Linda Johns & Anna Syperek

The Presence of Trees  /  Port Saint John Gallery  /  May 2 – June 27, 2025

Linda Johns – Artist Statement

Since I learned to walk, I’ve been a Treehugger. Whenever I played truant from school, I spend quality time in a tree – those times I remember well, whereas school remains an unimportant blur.

Throughout my artwork, trees are speaking, though not as we do. Using colour symbolically, I tried to convey their experiences from youngsters with all before them, to trees in their prime being over-harvested, to elders amid waste. Stumps, roots, even driftwood can evoke thought about taking only what is needed for survival, preparing proper living conditions for future generations, living harmoniously with other forms of life. Trees are elemental caregivers for Gaia, our planet – using and returning earth, air, and water for nourishment of all. I wish my species could say the same.

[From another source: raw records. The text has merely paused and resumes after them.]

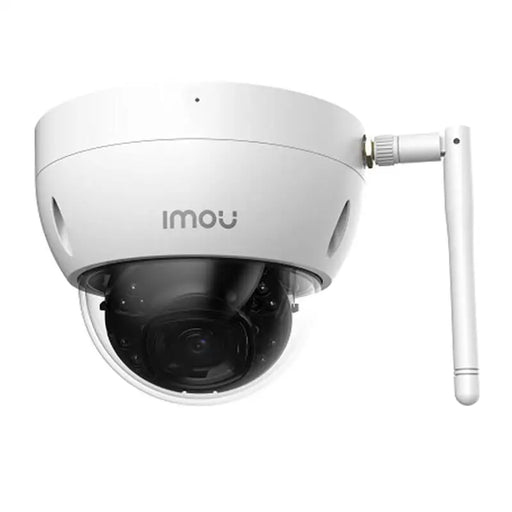 Външна WiFi камера IMOU Dome Pro 5MP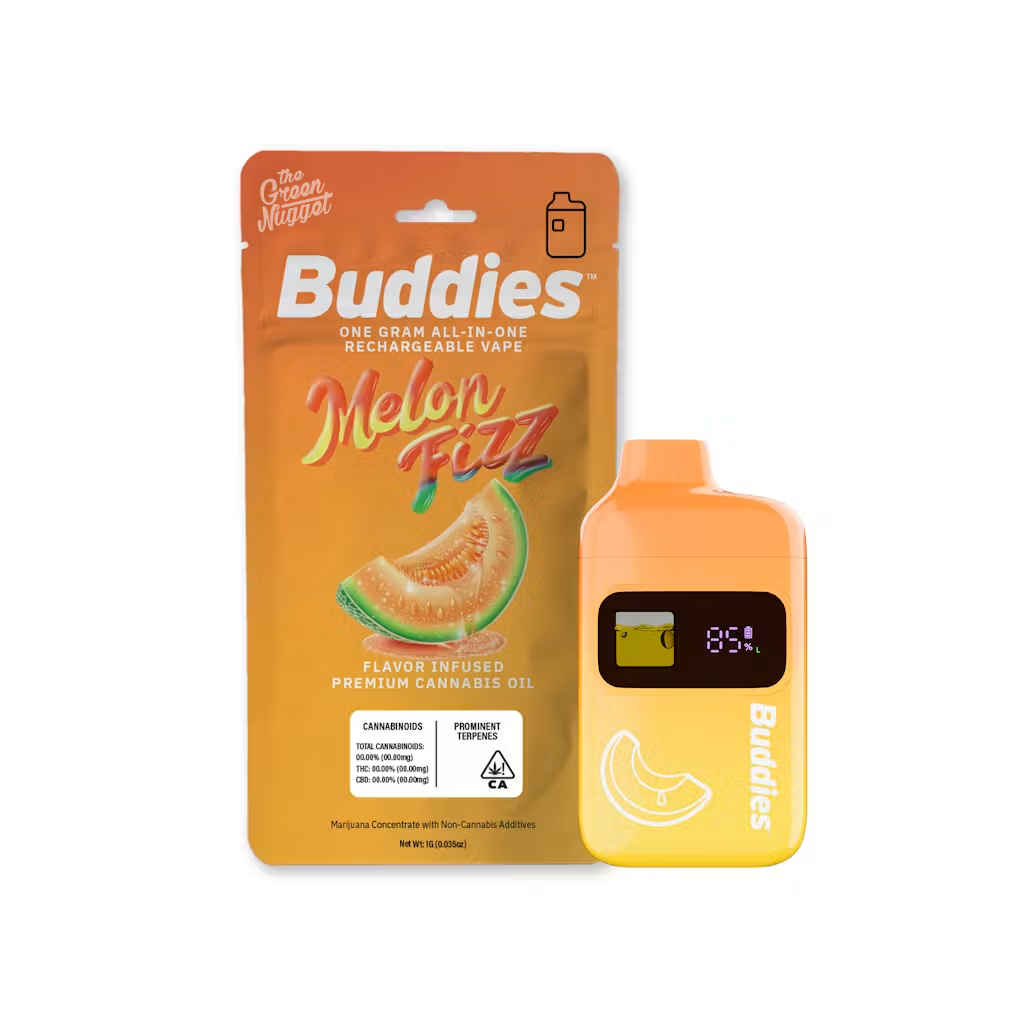 Melon Fizz [1000mg]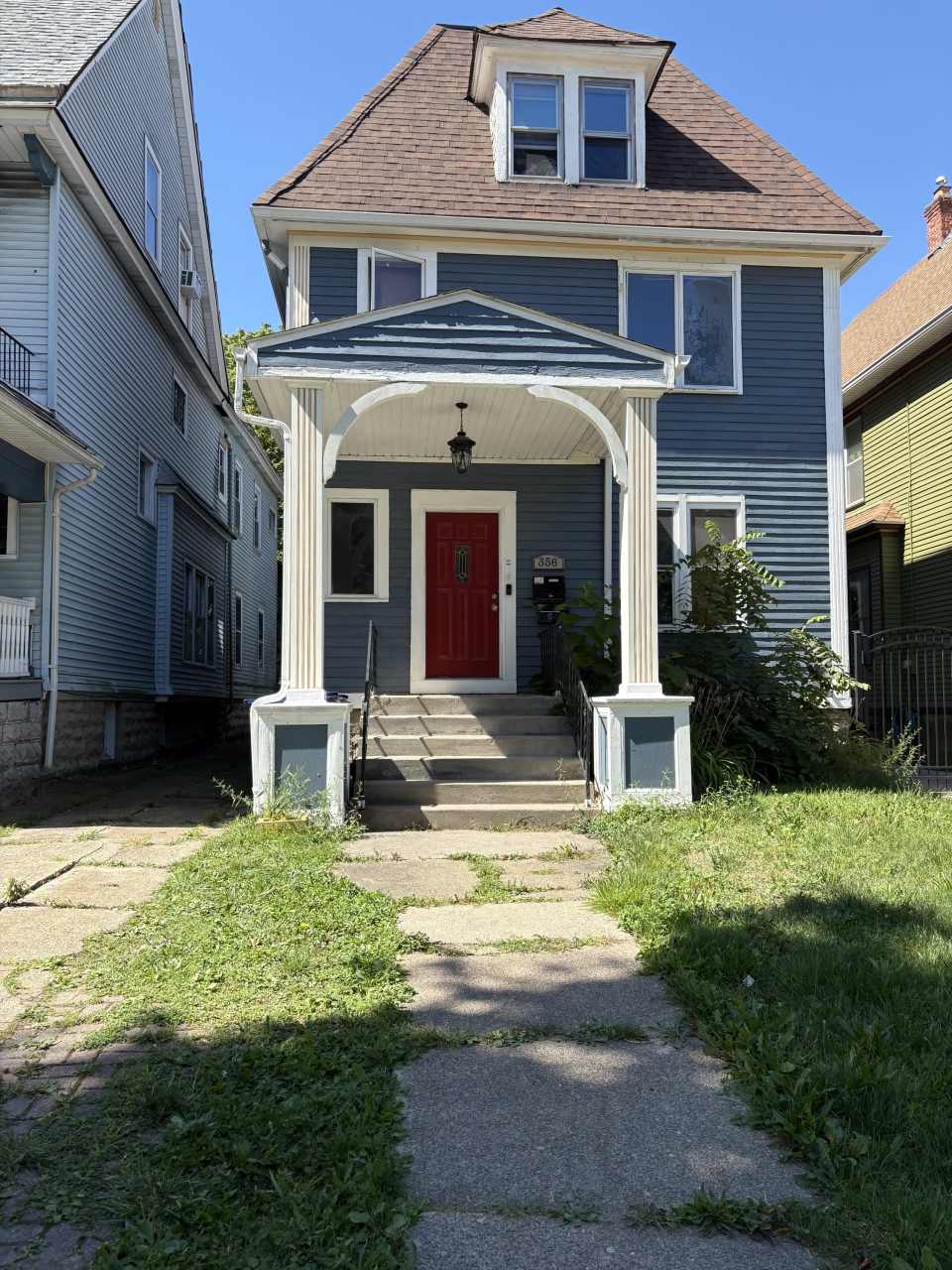 356 Baynes StreetUnit 1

As Gaia’s dilemma worsened, I began to incorporate words and images that completed each other. I called them Poem Paintings and I likened them to driving a team of horses: the poems did not ‘explain’ the paintings, and the paintings did not illustrate the poems. They worked as a team.

Similarly, my concept of the Tree of Life expanded to Gaia in that role. Every ‘branch’ of life has equal value because each is helping to sustain the planet – except for humans. Our activities are crippling our cosmic home, changing it drastically.

No path leads backwards. Id we want survival at some level, we must work with what we’ve done and are doing still. All life forms have been making this clear for some time. We must listen…

Throughout my life, I’ve included these concerns as well as others in a variety of mediums, each so expressive in its particular way: drawing; wood engraving; lino prints; fired clay sculptures; wood, stone and whalebone carvings; acrylic on canvas and paper; creative non-fiction; poetry.

Due to ageing, I’ve reduced the mediums to acrylic on paper (often cut or torn), pencils graphite and black, and writing in prose and poetry. I work daily at these. The book, Strong Roots, Drawings and Thoughts in Praise of Trees has been put together in time for this exhibition, in added tribute.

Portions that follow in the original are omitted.